Clone a voice with 10 minutes of audio and a Gradio tab
RVC wraps VITS-based voice conversion in a web UI so you can train a model on a lunch break's worth of recordings.

What it does RVC is a voice-conversion toolkit built on VITS. You feed it roughly 10 minutes of clean speech, and it learns to map someone else’s voice (or your own pitched-up version) into that timbre. The project ships a Gradio web UI for training and inference, plus a separate real-time GUI that claims 170 ms end-to-end latency—or 90 ms if you have ASIO hardware and the patience to configure it.
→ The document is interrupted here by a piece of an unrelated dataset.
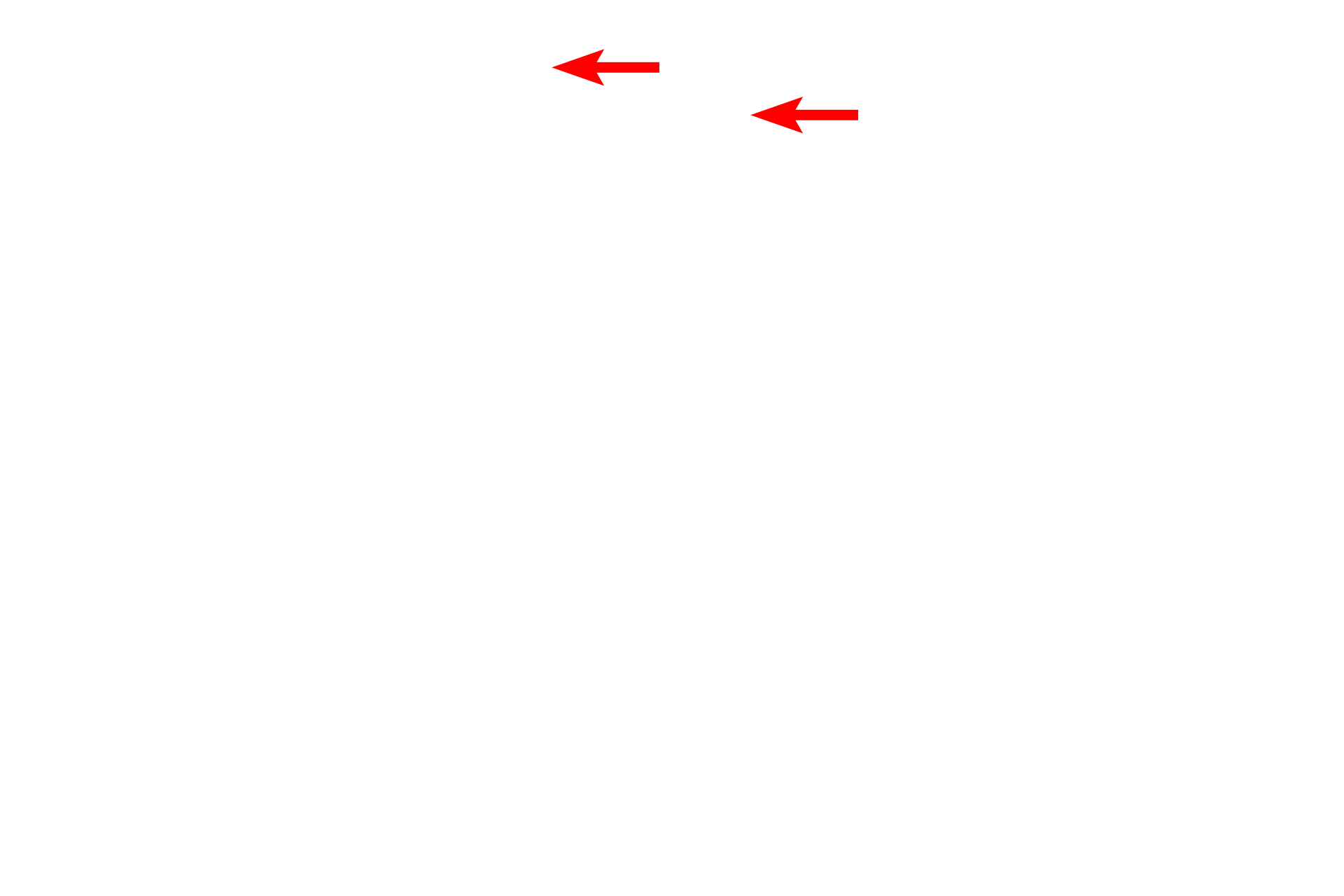 Desquamated cells <p>This electron micrograph shows the outermost layers of cells of the stratum corneum with two desquamated cells at its surface.  Each keratinized cell is less than one micron thick and is filled with an amorphous matrix containing aggregated keratin filaments.  Desmosomal junctions are mostly degraded in the upper regions of the stratum corneum.  15,000x</p>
The interesting bit Instead of letting the model hallucinate timbre from scratch, RVC retrieves the closest matching feature from the training set and swaps it in. The README calls this “top1 retrieval to eliminate timbre leakage”; practically, it means the output voice stays closer to your target dataset rather than drifting. It also bundles RMVPE, a pitch-extraction model from Interspeech 2023, which the authors say beats crepe_full on quality while being faster and lighter.
Key highlights
- Low data floor: the docs suggest 10 minutes of low-noise audio is enough to start.
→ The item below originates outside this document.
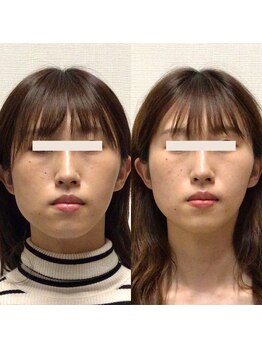 アレイズ/小顔矯正コース(10回)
- Cross-vendor GPU support: separate requirements files for NVIDIA (CUDA), AMD (DirectML / ROCm on Linux), and Intel (IPEX on Linux).
- Pre-trained base model trained on ~50 hours of VCTK, which the project notes is open-source and “no copyright concerns.”
- Built-in vocal separation via UVR5 weights, so you can strip accompaniment before training.
- Model fusion via checkpoint merging in the UI.
Caveats
- Real-time latency is hardware-dependent; the 90 ms figure requires ASIO drivers that “very much depend on hardware support.”
- You still need to manually download several pre-trained assets (Hubert base, UVR5 weights, optional RMVPE files) from Hugging Face before the UI will run.
- The README is primarily in Chinese; English docs exist but may lag.
Verdict Worth a look if you need quick voice cloning for content creation, game modding, or accessibility projects and don’t want to wrangle So-VITS-SVC manually. Skip it if you need production-grade TTS or zero-latency streaming without ASIO hardware.